The Iowa Association of REALTORS® is a trade organization that represents approximately 7,500 REALTORS® across our State. As a trade organization, we do not get involved with the business practices of brokers and every broker remains responsible to determine how their business will respond to COVID-19. However, IAR continues to provide informative information and best practices that brokers and all REALTORS® may utilize to help in these difficult times.
Question: I am a broker. What should I be doing to make sure we are prepared for any COVID-19 related issues, and how can I ensure I protect my business and the public?
While the Iowa Association of REALTORS® does not provide specific order for how you run your business, there are a variety of resources that are generally available relating to COVID-19 from the National Association of REALTORS®. You should visit https://www.nar.realtor/coronavirus
. You will find all sorts of guidance for REALTORS® and open house guidance. Some of the guidance includes how to communicate with clients about COVID-19, practices for showings, precautions brokers should consider taking, and even a COVID-19 sample preparedness plan that NAR says you are free to adapt and implement in your workplace.
Question: I have so many questions…
Added March 25, 10:45AM
May I limit in-person showings to pre-qualified buyers? Are there any risks or potential liability to showing a property to a buyer virtually? Does the fact that someone had COVID-19 in the home create disclosure obligations? What if I manage property and tenants do not want prospective tenants to view the property out of COVID-19 concerns?
There are so many questions, and many are truly unprecedented. Given that some of these questions are matters of first impression, it can be tricky to give sure answers. It is important to talk with your broker and with private legal counsel to address some of these concerns.
However, the National Association of REALTORS have published a great resource, called “Transaction Guidance During COVID-19.” https://www.nar.realtor/transaction-guidance-during-covid-19. Understand this is general guidance and is not legal advice. Take a look at this extensive guide which discusses a lot of questions that are developing in real estate markets across the Country.
Question: The IAR COVID-19 Addendum has a section where it says 30 or _____ days, and 60 or _____ days. How should those be filled out?
Added March 25, 10:45AM
Answer: While the parties remain fully responsible to ensure the form works specific to their transaction, the intent of the IAR form is that where the form says "30 or ___" days, then that means 30 days unless you fill in the blank with a different number of days.
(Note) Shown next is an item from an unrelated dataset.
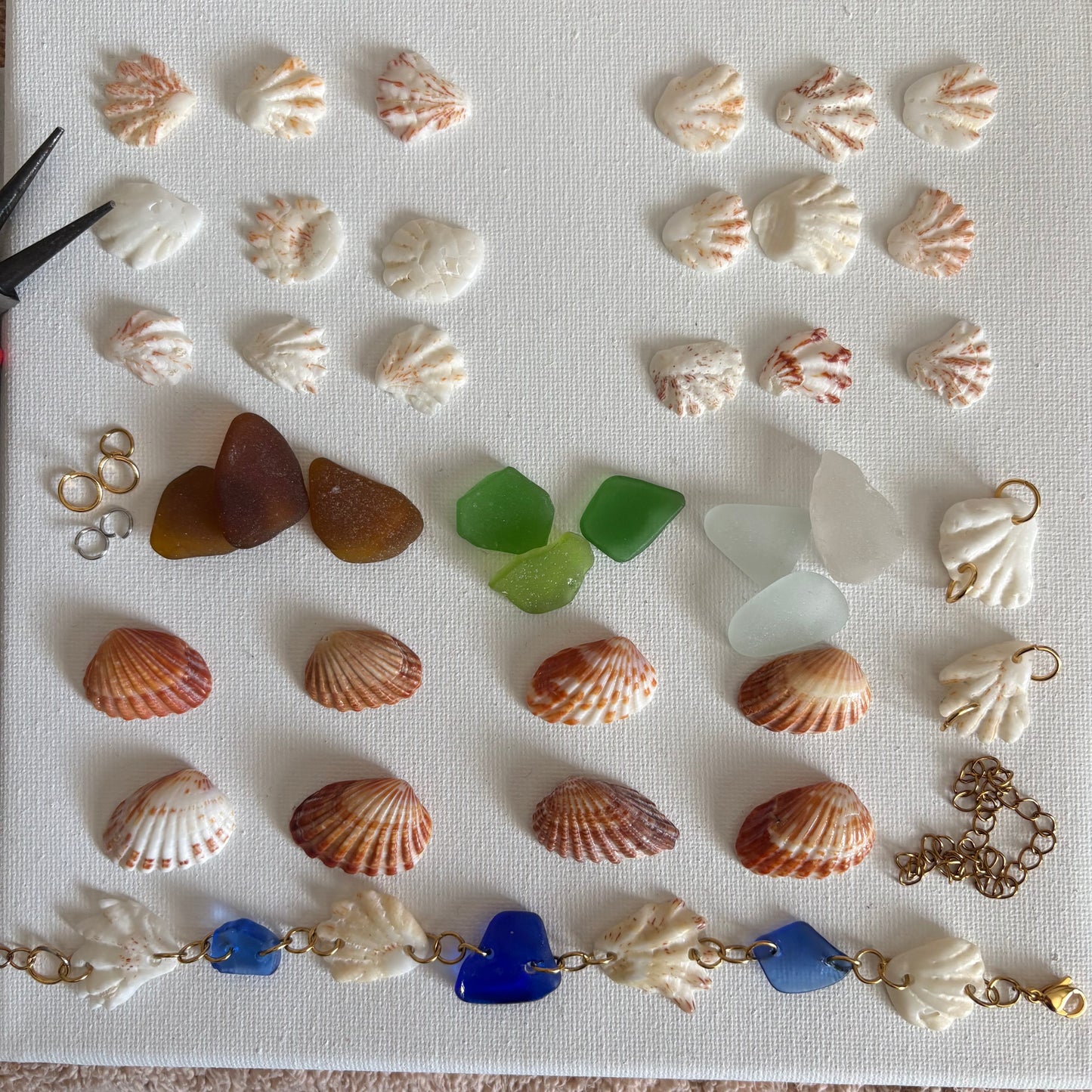 Make Your Own Beach Babe Bracelet DIY Kit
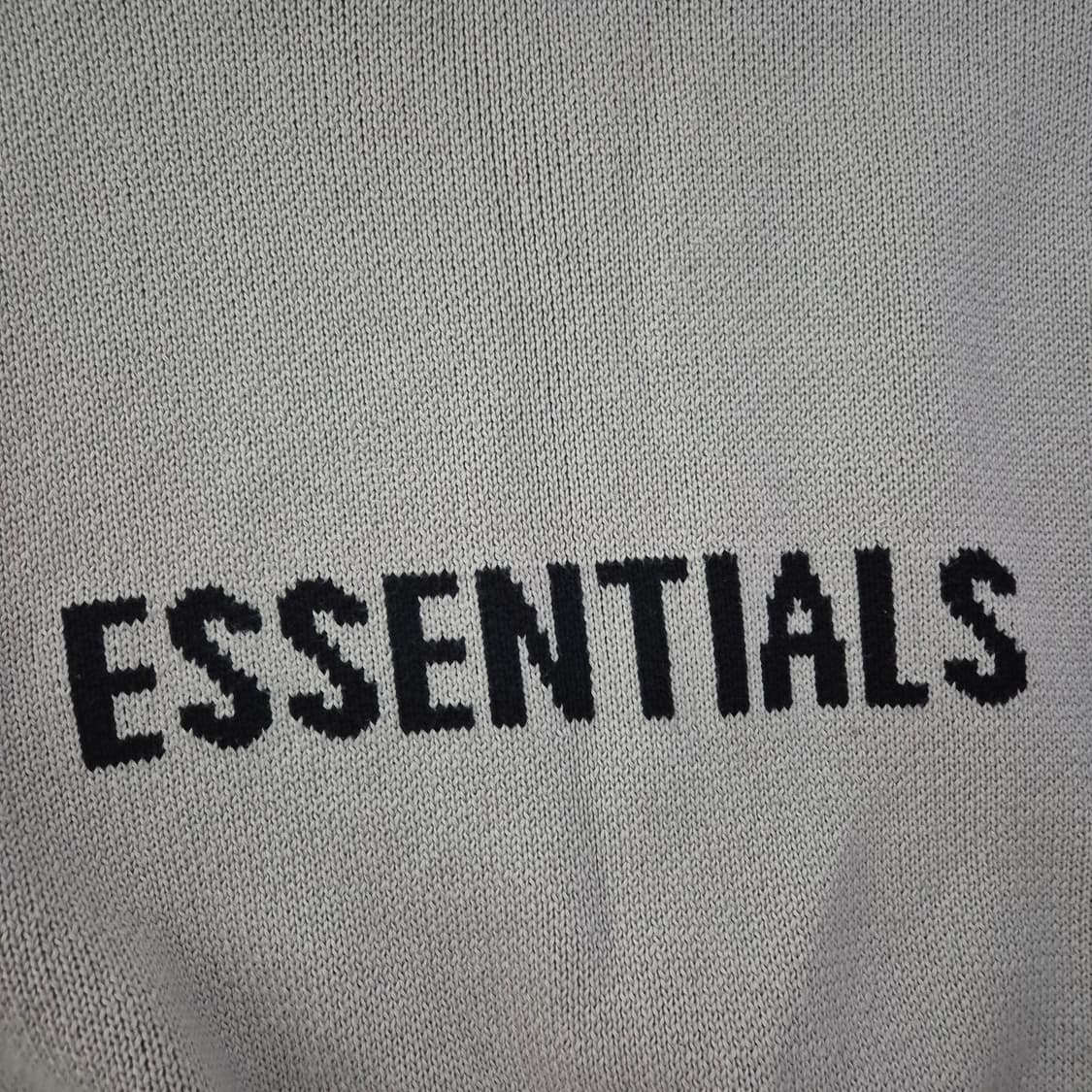 피오갓 에센셜 니트, 콘크리트  상품이미지4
If you fill out the ____ with a different number - for example, 17 - by filling in 17 that is now the number of days since the parties determined the default 30 days was not the proper number. The same would go for the "60 or ____" day blank on the form.
Although you are not allowed to alter an IAR Standard form outside filling in the fillable blanks - it would be a permissible use of the form to cross out, for example, the number '30' if the parties in your transaction decide to fill the blank in “30 or ___” days with a different number. If the parties believe such a cross out helps make the form more clear, such action would be permissible under the IAR Copyright and the parties could simply initial by the cross out of that number if they so wish. However, it is the opinion of IAR that such a cross out would not be required as the form makes it clear that if you decide to fill in that blank with a number besides the default, you are forgoing the default number of days and choosing a different amount of days. However, how the form is used in a specific transaction is up to your client and any advice of their attorneys.